Warner: In the letter that you wrote on behalf of the Rocky Mountain Conservancy, you use a word a lot, and it's the word ‘dream.’ Reading the letter, I gather you still dream of Rocky Mountain National Park with some frequency.
Collins: I do. It was the most delicious sort of gift to us. I suppose it was like a honeymoon, in a way. And it was everything we could've wanted. We loved the mountains. We would come out of our little cabin down by the lake, and start the day. One of the first things we did was to go out onto the porch and sit there and watch the martins come down to drink, and wait for the birds to start up.

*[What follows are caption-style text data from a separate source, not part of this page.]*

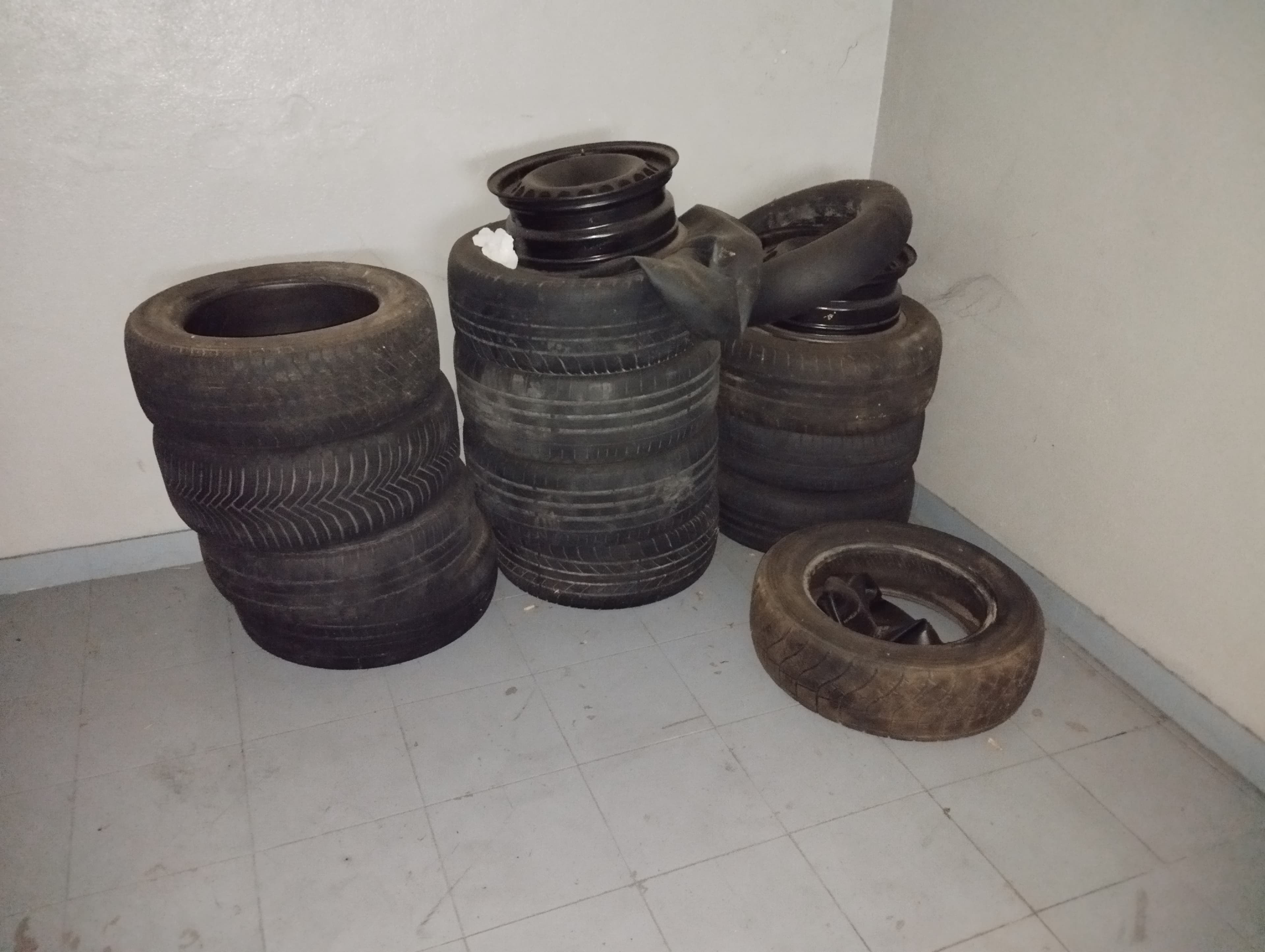 Equipamentos para a Indústria Automóvel — imagem 106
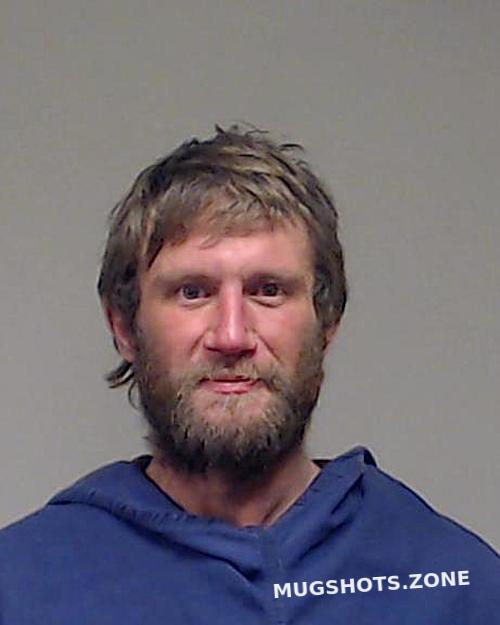 FORD PHILIP STEPHEN 06/07/2023 Collin County Mugshots Zone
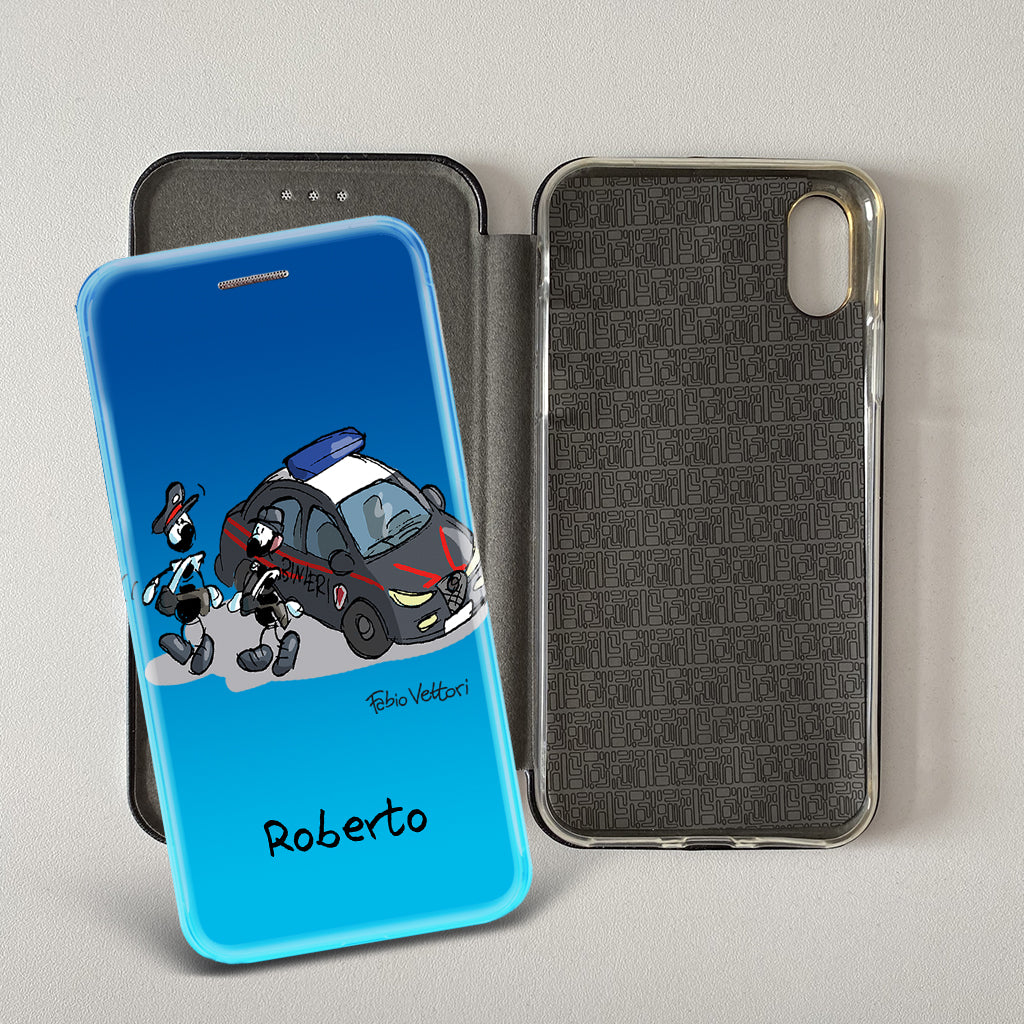 Sfondo Azzurro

And we had a little tiny, pretend chess board, and we would play every day. And every day Peter would beat me. One day I beat him, and we never played chess again. And so there was the light, the Rocky Mountain light. And of course it was summertime. It wasn't winter, but we could imagine that lake frozen over and skating on it. It was a beautiful lake. We swam in it quite often.
Warner: I can see how these memories would infiltrate your dreams years later. And I want to note that, of course, a gateway to Rocky Mountain National Park is Estes Park. And I think of your song, The Blizzard, which invokes Estes. Judy Collins, you are 85. Why do you still tour?
Collins: Well, it's in my blood. I know how to do it. I do it with joy. I get to sing every night. That's a dream come true as well. So I'm just cooking with gas, I guess. I just came back from my personal trainer and she said, “You are so strong.” I said, “Well, you are the one that notices that.” She puts me through my paces.
Warner: Whoa.
Collins: She wants to be sure that I'm going to continue my bone strength, because I'm thin, always struggling with weight. And of course people who have these qualities or deficiencies, whatever you want to call them, have osteoporosis. So I have to be sure that I'm working all the time on the bones. I walk all the time, so that's good.
Warner: Thank you so much for sharing these memories with us. I'm really pleased to share them with other Coloradans.
Collins: Thank you so much for talking with me about one of my favorite places in my life.